Unfortunately the best answer seems to be "get both".
 
i went through this choice, except i was looking at the ESEE5, not so long ago and came down on the side of the Fallknivens.

the deciding factors for me were Materials and Grind.

good old 1095 vs the more exotic laminated VG-10.
flat grind vs convex.
 
i went through this choice, except i was looking at the ESEE5, not so long ago and came down on the side of the Fallknivens.

the deciding factors for me were Materials and Grind.

good old 1095 vs the more exotic laminated VG-10.
flat grind vs convex.

Ill probably going to get the fallkniven as I hear the ESEEs come slightly dull and I will not be able to afford a sharpening system for a while as well as sharpening knocks the rust off but can rub the coating off too if you make a mistake not an issue with stainless steel.
 
Ill probably going to get the fallkniven as I hear the ESEEs come slightly dull and I will not be able to afford a sharpening system for a while as well as sharpening knocks the rust off but can rub the coating off too if you make a mistake not an issue with stainless steel.


Based on your concerns with rust, I agree that stainless is probably your best choice.

I'm not a fan of coated blades, in fact I might even go so far as to say I downright dislike them, but I have to give RAT (ESEE) full marks for their coating. It is extremely tough and holds up well.

Also, plan on sharpening sooner, rather than later. My experience is that factory edges don't hold as well as one that has been sharpened past the factory edge and into "virgin" steel. OMMV

Kevin
 
The ESEE are certainly NOT dull. They come razor sharp from the factory. I would say some of the best factory edges I have came across yet. And they hold and edge well. The 1095 they use is a common knife steel but they do an exceptional heat treating job that give their knives an unbelievable durability and edge retention! I do however still prefer the VG10 because I have had and experienced first hand excellent performance and durability from them all.
 
Whatever you pick.. I just wanted to point out also all My Esse Knives shave hair straight out of the box. And are easy to sharpen. You are gonna need at least a cheap stone to sharpen your knife. If you learn how to use a stone you won't need a fancy setup :)
 
Ill probably going to get the fallkniven as I hear the ESEEs come slightly dull and I will not be able to afford a sharpening system for a while as well as sharpening knocks the rust off but can rub the coating off too if you make a mistake not an issue with stainless steel.
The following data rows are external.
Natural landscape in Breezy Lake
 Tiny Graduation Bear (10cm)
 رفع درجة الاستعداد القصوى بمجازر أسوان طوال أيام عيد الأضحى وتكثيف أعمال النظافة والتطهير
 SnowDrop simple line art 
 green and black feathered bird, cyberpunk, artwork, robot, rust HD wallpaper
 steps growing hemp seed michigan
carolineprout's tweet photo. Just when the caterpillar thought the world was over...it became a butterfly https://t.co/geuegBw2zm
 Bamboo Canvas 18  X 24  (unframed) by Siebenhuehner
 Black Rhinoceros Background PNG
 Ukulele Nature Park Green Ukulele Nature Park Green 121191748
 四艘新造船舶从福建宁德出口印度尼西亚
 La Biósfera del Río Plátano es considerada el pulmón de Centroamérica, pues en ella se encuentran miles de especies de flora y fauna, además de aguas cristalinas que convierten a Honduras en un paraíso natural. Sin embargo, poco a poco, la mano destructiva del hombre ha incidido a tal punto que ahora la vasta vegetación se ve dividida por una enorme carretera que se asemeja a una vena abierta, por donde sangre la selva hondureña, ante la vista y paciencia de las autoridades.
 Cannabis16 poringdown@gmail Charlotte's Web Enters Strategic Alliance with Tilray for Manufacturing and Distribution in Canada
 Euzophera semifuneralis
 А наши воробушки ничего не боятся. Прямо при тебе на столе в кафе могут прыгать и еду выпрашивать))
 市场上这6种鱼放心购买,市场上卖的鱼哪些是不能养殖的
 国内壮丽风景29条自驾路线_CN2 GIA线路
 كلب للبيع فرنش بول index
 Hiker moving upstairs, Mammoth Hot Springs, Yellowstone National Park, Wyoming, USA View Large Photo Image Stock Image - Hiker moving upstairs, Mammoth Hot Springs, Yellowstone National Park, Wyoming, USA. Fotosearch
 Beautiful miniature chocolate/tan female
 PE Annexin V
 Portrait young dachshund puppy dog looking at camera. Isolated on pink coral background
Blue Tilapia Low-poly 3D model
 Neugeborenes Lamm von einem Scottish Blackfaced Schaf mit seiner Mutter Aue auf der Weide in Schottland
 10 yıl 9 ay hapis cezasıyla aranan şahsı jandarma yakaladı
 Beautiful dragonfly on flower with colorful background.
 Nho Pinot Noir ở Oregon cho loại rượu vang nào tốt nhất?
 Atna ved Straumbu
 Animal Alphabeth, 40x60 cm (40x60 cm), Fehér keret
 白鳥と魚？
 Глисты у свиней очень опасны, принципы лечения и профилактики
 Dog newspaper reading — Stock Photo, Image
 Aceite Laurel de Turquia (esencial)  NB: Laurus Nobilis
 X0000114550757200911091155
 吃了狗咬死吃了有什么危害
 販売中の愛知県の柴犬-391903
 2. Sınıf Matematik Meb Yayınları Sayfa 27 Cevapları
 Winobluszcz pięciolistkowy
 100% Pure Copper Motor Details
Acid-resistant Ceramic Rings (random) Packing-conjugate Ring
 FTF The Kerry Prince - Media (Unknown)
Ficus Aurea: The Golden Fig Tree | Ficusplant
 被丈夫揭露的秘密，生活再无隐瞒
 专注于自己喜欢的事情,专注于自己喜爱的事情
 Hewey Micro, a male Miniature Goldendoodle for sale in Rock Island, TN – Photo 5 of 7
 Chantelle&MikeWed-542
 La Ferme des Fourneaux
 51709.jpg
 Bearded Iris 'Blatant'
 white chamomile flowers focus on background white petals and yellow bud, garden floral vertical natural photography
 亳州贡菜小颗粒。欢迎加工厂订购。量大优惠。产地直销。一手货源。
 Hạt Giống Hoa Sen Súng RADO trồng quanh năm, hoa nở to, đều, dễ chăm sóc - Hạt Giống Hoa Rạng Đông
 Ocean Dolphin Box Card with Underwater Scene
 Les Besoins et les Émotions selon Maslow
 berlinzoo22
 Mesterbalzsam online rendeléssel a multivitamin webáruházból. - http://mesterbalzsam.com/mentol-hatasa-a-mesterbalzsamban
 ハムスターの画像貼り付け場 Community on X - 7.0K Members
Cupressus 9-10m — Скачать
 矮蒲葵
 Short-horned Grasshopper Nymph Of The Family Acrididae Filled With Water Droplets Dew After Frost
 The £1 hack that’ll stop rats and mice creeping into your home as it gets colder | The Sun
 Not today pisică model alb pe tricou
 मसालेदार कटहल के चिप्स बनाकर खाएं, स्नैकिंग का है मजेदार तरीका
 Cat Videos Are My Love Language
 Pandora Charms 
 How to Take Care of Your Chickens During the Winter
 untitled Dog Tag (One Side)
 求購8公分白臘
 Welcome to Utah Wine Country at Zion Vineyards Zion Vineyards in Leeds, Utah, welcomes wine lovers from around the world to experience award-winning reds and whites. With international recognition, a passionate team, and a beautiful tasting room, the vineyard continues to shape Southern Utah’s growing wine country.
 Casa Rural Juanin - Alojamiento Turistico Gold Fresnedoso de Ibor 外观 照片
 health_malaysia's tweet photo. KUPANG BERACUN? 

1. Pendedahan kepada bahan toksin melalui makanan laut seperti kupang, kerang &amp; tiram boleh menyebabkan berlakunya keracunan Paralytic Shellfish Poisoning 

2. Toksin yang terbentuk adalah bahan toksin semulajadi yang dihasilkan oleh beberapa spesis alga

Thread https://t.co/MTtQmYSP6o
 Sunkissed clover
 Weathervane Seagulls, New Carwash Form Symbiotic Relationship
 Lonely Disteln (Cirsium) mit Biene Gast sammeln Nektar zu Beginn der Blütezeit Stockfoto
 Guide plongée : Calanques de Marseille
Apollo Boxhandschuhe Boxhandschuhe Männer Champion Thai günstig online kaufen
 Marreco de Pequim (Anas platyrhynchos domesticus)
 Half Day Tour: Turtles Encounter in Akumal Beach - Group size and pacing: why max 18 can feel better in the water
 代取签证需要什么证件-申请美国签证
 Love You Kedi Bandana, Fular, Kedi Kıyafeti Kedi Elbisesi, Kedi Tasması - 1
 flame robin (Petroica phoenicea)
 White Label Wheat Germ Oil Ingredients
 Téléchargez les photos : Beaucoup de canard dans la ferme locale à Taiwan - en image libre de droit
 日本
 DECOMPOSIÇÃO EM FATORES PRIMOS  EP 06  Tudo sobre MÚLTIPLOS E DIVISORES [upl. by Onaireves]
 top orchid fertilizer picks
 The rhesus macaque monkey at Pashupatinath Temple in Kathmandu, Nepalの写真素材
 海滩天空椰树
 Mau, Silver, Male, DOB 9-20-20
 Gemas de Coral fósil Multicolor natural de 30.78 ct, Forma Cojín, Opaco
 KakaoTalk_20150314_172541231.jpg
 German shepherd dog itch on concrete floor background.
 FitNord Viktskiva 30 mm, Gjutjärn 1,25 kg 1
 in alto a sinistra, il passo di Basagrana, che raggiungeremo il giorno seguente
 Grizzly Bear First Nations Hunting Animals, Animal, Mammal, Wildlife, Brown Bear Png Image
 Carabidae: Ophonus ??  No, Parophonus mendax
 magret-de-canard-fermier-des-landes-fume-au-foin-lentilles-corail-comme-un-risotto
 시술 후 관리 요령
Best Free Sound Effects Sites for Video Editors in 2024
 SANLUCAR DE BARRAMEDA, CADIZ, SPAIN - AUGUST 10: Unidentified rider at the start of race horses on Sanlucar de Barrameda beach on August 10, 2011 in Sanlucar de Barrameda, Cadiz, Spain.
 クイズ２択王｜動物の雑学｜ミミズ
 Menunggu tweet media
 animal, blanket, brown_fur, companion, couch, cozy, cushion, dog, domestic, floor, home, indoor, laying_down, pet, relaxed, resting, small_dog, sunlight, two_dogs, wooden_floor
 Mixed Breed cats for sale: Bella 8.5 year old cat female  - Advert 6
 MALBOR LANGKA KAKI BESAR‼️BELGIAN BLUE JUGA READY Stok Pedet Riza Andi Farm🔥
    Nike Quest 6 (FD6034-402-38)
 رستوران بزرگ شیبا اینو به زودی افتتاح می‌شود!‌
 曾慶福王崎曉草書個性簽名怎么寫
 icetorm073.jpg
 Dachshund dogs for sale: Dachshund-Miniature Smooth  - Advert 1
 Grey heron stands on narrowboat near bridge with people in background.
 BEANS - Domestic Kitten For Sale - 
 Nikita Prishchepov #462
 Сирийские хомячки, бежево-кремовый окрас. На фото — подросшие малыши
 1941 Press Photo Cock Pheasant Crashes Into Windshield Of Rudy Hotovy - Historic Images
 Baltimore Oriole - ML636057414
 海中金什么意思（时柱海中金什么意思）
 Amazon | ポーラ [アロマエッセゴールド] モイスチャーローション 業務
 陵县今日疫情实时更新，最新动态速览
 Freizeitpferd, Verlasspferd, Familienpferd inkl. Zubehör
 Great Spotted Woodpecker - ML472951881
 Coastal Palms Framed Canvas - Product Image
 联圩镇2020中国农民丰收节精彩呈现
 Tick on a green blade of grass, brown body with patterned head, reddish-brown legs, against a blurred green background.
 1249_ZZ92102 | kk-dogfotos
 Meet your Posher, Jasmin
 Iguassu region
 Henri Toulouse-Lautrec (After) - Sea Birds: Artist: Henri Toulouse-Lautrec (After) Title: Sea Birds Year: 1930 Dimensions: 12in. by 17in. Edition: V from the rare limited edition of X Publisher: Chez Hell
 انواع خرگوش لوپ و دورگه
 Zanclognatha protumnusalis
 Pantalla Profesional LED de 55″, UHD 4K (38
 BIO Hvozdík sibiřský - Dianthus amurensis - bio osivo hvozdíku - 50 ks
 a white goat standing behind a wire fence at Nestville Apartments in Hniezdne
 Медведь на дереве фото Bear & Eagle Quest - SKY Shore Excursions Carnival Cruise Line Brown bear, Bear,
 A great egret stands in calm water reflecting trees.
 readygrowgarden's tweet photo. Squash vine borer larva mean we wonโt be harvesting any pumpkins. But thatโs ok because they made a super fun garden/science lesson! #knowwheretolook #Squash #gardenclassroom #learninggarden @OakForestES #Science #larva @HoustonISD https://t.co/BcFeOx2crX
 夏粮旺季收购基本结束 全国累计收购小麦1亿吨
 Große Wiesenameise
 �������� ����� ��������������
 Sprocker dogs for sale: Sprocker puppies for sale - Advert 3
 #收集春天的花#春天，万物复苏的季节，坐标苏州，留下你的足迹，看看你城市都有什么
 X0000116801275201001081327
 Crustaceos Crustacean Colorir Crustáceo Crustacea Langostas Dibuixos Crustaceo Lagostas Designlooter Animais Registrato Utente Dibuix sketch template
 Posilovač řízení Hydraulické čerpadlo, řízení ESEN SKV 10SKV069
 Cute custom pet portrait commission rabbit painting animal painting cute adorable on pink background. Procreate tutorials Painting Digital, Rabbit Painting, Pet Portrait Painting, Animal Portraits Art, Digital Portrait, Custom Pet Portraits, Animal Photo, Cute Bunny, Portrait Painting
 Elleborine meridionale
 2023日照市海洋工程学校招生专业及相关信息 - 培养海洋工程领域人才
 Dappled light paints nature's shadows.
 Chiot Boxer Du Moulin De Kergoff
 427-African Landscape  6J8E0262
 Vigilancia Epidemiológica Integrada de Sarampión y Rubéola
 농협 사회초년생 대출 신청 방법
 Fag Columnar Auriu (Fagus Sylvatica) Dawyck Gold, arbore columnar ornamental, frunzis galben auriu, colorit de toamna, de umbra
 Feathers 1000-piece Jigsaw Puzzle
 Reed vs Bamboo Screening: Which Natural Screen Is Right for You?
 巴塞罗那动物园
i'd strongly advise you to add a DC-3 or a DC-4 stone to your order.
 
VG10 is great steel, and almost any knife, IMO, will chip or roll if you cut into/drop hard enough onto rocks/granite/metal etc.. Just chop onto wood, and you shouldn't get any issues with your edge chipping or rolling.

You should at least learn how to sharpen, and if you want a knife that will be easy, IMHO to sharpen in the field, go convex. But then again, there are plenty of guys who find sharpening V-grind in the field just as easy.

hey Sambo, how hard is it to sharpen a convex ground knife on the DC4 stone? I'm thinking of getting one as well.
 
hey Sambo, how hard is it to sharpen a convex ground knife on the DC4 stone? I'm thinking of getting one as well.

'tis eZ.

might take a small amount of practice and i reccomend you try the felt-tip-pen trick while learning.

you need a slightly steeper angle than you would feel comfortable with if it was a flat-grind, but not by much.

anyone with enough intelligence to use a computer and read this post can learn to do it if they put their minds to it.

i have a DC3 stone and will get a DC4 with my next order (the '3 is pretty small).

be warned, when brand new, the diamond side of those Fallkniven stones is freakishly abrasive.